One of the foremost areas where petit-bourgeois morality tends to infect even the Left ranks is that of women’s sexuality. Take an instance in 1990, responding to the rape of 3 women in Birati near Kolkata, CPI(M)’s party organ PD had carried a statement by the West Bengal General Secretary, Ganatantrik Mahila Samity. The statement had commented that the three rape victims had “stayed in the unauthorised hutments”; that “so many women of that area... were involved in foul professions and such honeymoons of these women with the anti-socials were an open secret” and that one of the victims was “the mistress of a notorious anti-social”. This statement echoed the widespread idea that prostitution is a ‘foul profession’ that corrupts society; prostitutes are women without ‘honour’; without izzat; and rapes of women who in any case have no honour/izzat are somehow justified. Within our own ranks, only if we consciously and relentlessly challenge all elements of gender ideology can we give our women’s movement a truly revolutionary orientation.
Rape and violence are often seen, even by our judiciary, as an assault on women’s izzat (honour), and by extension on the ‘honour’ of their community. In fact, it is because women are seen as repositories of ‘community/family honour’ that they become the targets of communal and caste violence. We must recognise that this notion of rape as an assault on women’s (and community/family) honour has another side of the coin: violence against women within the community and the family is often defended in the name of protecting ‘honour’; and women who are considered to have ‘no honour’ (because they are said to be ‘immoral’ or because they wear ‘provocative’ clothes etc...)!

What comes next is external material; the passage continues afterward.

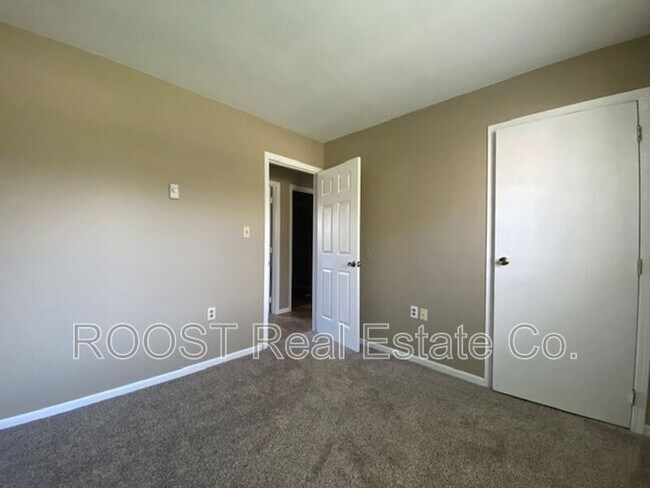 Building Photo - 76 Prugh Ave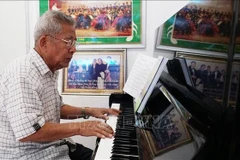 越老关系60周年：把胡主席的诗词谱成歌曲的老挝音乐家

Even on the Left, there tends to be deep discomfort with any actions by women that disturb society’s notions of sexual morality. We must consciously educate our ranks about the double standards of feudal and bourgeois morality. When women’s sexual behaviour, dress etc...challenges society’s mores, we, as communists, must resist all attempts to stand in moralistic judgement. We also oppose all moves to brand same-sex relations as immoral, unnatural etc... Same-sex relationships have existed in every society, and as communists, we understand how society which enforced monogamous marriage for women to ensure ‘legitimate’ paternity and transfer of property along the male line, also punished same-sex relations for much the same reason: to uphold monogamous marriage as the only moral norm. We are opposed to criminalising any consensual adult sexual choices and orientation, and therefore support the demand to scrap Article 377 IPC.